Angela Williams

SVP, Chief Information Security Officer, UL Solutions

Cyberattacks are the number one business risk in most of the world, according to a 2022 study from the World Economic Forum. Not all cyber threats are alike, and diverse problems require diverse solutions. Yet, the cyber industry is predominantly led by men. How can we solve this significant threat to the business world with only half of the population? Fortunately, the women who make up that percentage are some of the fiercest in the greater technology industry. In this series, The Female Quotient and Deloitte are putting a spotlight on 25 women at the forefront of the cyber revolution, amplifying their career advice and sharing their insights on how the industry will evolve in the future. Their stories are proof that behind every functioning society is a woman in cyber.

What does a typical day of work look like for you?

A typical day includes lots of multitasking — from responding to emails, staying up to date on cyber-related topics and current events, attending internal and external business meetings, ensuring the cybersecurity initiatives and activities stay aligned with business strategy, and working closely with key stakeholders and cybersecurity staff members on various projects.

What's a common misconception about women in cyber you'd like to debunk?

A common misconception about women in cyber is that we are not technical or that we have a lack of understanding when discussing technical solutions or theories.

What aspects of your career journey have taken you by surprise?

I went to college and earned two degrees in computer information systems. My career began with working in various roles within the IT organization — as a desktop support specialist, network administrator, network engineer, and project manager. I assumed my career would always be within information technology; however, the twist came years ago when my CIO asked me to be the leader of an uncharted area called “information security.” To my surprise, I really enjoyed designing a foundational information security program while partnering with key leaders across the organization. This extraordinary pivot in my career wasn’t something I expected or planned but it has turned out to be the best twist in my career!

What's your superpower as a woman in cyber?

My superpower is the ability to take complex cyber topics and translate them into relatable information using analogies and storytelling.

What's the most challenging component of your job today?

The most challenging component of my job is educating business leaders about our cybersecurity services and capabilities and why it must be an integral component of their business strategy.

Tell us about the cyber project you're most proud of working on in your career.

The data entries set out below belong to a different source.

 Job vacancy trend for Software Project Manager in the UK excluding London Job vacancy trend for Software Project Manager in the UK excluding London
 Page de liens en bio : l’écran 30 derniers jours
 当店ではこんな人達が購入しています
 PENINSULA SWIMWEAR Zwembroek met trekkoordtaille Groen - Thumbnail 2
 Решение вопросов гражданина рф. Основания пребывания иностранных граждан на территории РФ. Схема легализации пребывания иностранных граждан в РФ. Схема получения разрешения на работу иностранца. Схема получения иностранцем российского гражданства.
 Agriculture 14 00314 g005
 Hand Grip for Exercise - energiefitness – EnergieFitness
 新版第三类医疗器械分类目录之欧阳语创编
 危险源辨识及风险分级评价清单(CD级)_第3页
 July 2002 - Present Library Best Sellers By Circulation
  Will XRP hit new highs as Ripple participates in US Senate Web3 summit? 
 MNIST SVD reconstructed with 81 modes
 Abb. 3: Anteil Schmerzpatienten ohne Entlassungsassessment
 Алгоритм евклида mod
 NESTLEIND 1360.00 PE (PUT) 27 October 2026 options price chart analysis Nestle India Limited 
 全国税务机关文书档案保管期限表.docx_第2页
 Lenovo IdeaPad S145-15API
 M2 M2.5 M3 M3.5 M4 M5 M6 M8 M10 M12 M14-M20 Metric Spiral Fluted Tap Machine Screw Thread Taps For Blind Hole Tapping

One of the cybersecurity projects that I’m most proud of in my career happened when I was working at a healthcare organization. The parent company, along with two of its four subsidiaries had a common goal to obtain HITRUST certifications. I was tasked to lead the multiple security teams across each organization to achieve HITRUST certifications that ultimately improved customer confidence in our cybersecurity practices and could be used as a market differentiator for future customers. We successfully achieved HITRUST certification within 18 months and successfully improved the understanding, ownership, reporting, and measurement of all security controls.

What's one must read, watch or listen for women wanting to work in cyber?

There are so many great publications and podcasts in the market that are ideal references for women to read or listen to that I couldn’t pick just one. I would encourage women wanting to work in cyber to join a cybersecurity organization that is focused on supporting women in this industry. There is nothing better than learning from each other in real time.

How has public perception of cybersecurity changed over the course of your career, and how do you predict in the future?

The public perception of cybersecurity has dramatically changed over the course of my career. It was once an ignored or overlooked practice, and as far as the discipline has evolved, there are still so few women working in this industry or rising to leadership roles. I admire all of the women who work in places where it is still common for there to be only one woman at the table, and I am proud to be a part of changing that image.

What's one piece of advice you'd give your younger self about getting started in cyber?

One piece of advice I’d give my younger self about getting started in cyber is to not second guess or doubt what I can achieve nor compare myself to others. Sometimes, we are our worst critic and don’t reflect on our strengths and capabilities.

Who are some women working in cyber today that you admire?

There are so few women working in cyber today; therefore, I admire each and every one of them for being brave enough to work in an industry where it is still common for there to be only one woman at the proverbial table.

The views and opinions expressed in this work are those of the author’s and do not represent the official position of UL Solutions.